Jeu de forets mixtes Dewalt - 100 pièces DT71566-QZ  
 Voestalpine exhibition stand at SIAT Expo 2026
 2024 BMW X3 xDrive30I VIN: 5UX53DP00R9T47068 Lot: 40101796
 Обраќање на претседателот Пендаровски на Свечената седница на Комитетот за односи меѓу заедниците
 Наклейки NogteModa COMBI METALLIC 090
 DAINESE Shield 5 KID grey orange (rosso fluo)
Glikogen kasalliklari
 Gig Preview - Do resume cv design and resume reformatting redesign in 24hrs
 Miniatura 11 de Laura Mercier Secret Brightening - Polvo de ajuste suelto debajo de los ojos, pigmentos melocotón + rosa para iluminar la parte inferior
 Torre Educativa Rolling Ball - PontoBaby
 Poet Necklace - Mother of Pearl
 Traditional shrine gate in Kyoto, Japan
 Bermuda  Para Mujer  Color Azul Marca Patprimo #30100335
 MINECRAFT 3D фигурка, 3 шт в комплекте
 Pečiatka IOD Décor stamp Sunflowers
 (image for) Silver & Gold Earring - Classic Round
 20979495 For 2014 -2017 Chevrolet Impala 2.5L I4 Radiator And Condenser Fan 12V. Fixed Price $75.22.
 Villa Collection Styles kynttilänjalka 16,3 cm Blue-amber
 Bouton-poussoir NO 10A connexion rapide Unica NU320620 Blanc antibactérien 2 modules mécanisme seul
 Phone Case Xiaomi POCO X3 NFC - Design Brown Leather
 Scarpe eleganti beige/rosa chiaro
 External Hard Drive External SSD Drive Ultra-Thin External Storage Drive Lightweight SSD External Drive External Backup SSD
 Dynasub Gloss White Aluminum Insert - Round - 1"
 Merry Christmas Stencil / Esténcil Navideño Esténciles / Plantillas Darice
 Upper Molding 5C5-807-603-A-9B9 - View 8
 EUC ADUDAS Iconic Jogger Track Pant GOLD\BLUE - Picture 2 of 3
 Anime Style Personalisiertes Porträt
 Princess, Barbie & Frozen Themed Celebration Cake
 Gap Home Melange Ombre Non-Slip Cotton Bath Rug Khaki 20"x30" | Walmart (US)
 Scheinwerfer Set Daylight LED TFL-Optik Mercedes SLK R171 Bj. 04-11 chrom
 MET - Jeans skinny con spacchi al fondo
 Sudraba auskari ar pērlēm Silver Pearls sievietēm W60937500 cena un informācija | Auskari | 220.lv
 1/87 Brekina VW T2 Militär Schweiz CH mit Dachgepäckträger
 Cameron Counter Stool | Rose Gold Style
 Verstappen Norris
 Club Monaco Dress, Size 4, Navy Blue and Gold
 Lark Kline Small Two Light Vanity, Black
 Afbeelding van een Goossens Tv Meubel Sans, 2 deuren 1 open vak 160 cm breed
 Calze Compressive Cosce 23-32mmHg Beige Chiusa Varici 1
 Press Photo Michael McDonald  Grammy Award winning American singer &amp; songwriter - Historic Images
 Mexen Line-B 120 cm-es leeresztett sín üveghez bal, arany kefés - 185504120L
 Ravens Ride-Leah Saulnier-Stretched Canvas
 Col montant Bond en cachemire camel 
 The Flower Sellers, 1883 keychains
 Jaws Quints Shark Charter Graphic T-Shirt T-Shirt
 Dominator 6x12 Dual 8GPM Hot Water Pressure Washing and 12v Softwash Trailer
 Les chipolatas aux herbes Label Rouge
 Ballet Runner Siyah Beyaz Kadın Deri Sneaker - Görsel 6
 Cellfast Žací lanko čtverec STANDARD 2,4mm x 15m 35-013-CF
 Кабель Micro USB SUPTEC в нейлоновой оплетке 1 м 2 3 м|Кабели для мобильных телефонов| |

________________________

Task to carry out: Check each line above for the word "Round" and copy every line that has it.

Task solution:
 (image for) Silver & Gold Earring - Classic Round
 Dynasub Gloss White Aluminum Insert - Round - 1"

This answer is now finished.